Durante el corto paréntesis que los niños saharauis pasan en Galicia con familias locales, los críos suelen compartir un estupor: el del agua saliendo a chorros por un grifo que nunca se agota. En los 46 años que han transcurrido desde que los refugiados soportan el desierto y la escasez, el agua es una rareza cuya ausencia marca el ritmo de los poblados. El asombro de los pequeños saharauis por el milagro del agua infinita sería equivalente al que sentiría un pequeno galego si un día las billas se quedaran secas. En la cara rica del mundo las cosas simplemente suceden y ese automatismo secuestra nuestra capacidad de valorarlas.
Durante la crisis energética de los setenta triunfó un atinado lema que pretendía alertar sobre las escaseces colectivas frente a las holguras individuales. Aquel Aunque usted pueda pagarlo, España no puede apelaba a la conciencia de grupo frente al individualismo y conectaba con generaciones que hacía no tanto habían vivido la miseria terrible de la posguerra. Tantos años después, las circunstancias nos colocan ante la evidencia de que los recursos no son infinitos.

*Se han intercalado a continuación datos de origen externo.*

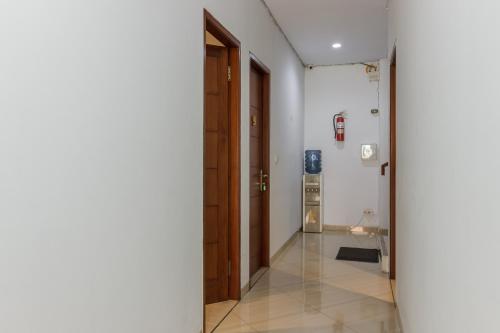 RedDoorz Plus near Sudirman Station 2 Jakarta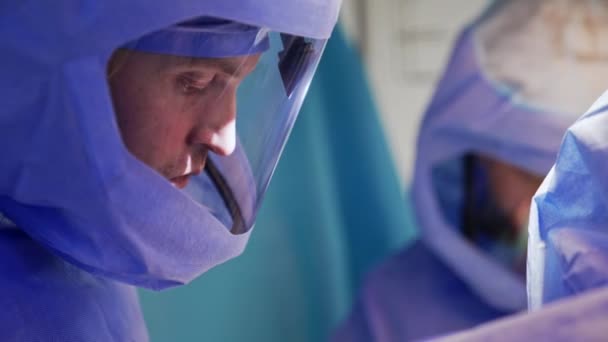 Vista Lateral Cirujano Masculino Que Trabaja Traje Protector Sala Cirugía — Vídeo de stock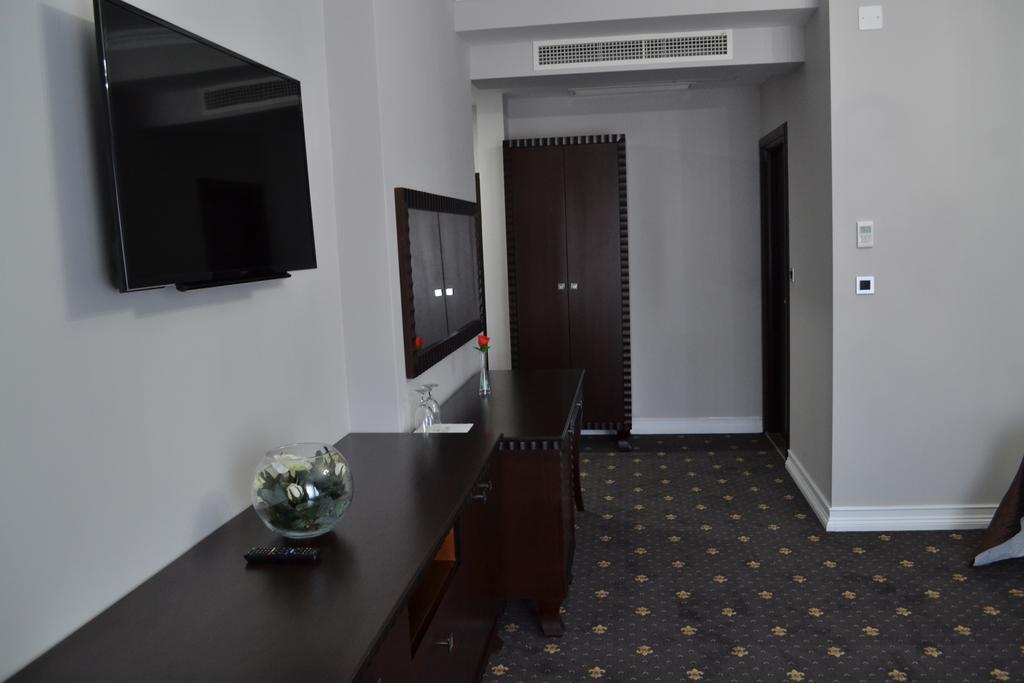Hotel Emi Στρώμνιτσα Εξωτερικό φωτογραφία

La guerra en el Este ha desajustado el mercado energético, pero algo estremecedor se olfatea en el ambiente que tiene que ver con el equilibrio del planeta y la caña implacable que le metemos. Cada baño en el agua extrañamente tibia de la playa de A Ladeira activa la incómoda impresión de que urge vivir de otra manera. Un buen bodeguero de la Ribeira Sacra desvelaba hace unos días un dato asombroso: en los últimos cinco años el alcohol en los vinos gallegos ha subido una media de dos grados, lo que desbarata la producción y el mercado de manera radical. No hace falta ser muy marciano para sospechar que nada volverá a ser como fue. Ya no valen ocurrencias de primos enterados ni desafíos dialécticos que, francamente, han dejado de tener puñetera gracia. El no me da la gana de apagar la luz por las noches que algunos profieren estos días no es un grito de libertad sino de estupidez. Aunque ella pueda pagarla, España no puede.